◆ Brief:
All of the data needs to be repeated exactly.

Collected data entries
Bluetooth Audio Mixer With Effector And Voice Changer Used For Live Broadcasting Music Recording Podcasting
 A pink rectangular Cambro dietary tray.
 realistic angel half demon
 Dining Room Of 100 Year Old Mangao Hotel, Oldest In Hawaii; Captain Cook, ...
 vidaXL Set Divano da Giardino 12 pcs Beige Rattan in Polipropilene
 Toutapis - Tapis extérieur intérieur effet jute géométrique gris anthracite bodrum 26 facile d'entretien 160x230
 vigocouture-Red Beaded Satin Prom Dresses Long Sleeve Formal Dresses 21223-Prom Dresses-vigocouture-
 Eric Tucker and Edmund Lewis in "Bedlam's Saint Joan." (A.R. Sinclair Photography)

◆ Exercise output:
Bluetooth Audio Mixer With Effector And Voice Changer Used For Live Broadcasting Music Recording Podcasting
 A pink rectangular Cambro dietary tray.
 realistic angel half demon
 Dining Room Of 100 Year Old Mangao Hotel, Oldest In Hawaii; Captain Cook, ...
 vidaXL Set Divano da Giardino 12 pcs Beige Rattan in Polipropilene
 Toutapis - Tapis extérieur intérieur effet jute géométrique gris anthracite bodrum 26 facile d'entretien 160x230
 vigocouture-Red Beaded Satin Prom Dresses Long Sleeve Formal Dresses 21223-Prom Dresses-vigocouture-
 Eric Tucker and Edmund Lewis in "Bedlam's Saint Joan." (A.R. Sinclair Photography)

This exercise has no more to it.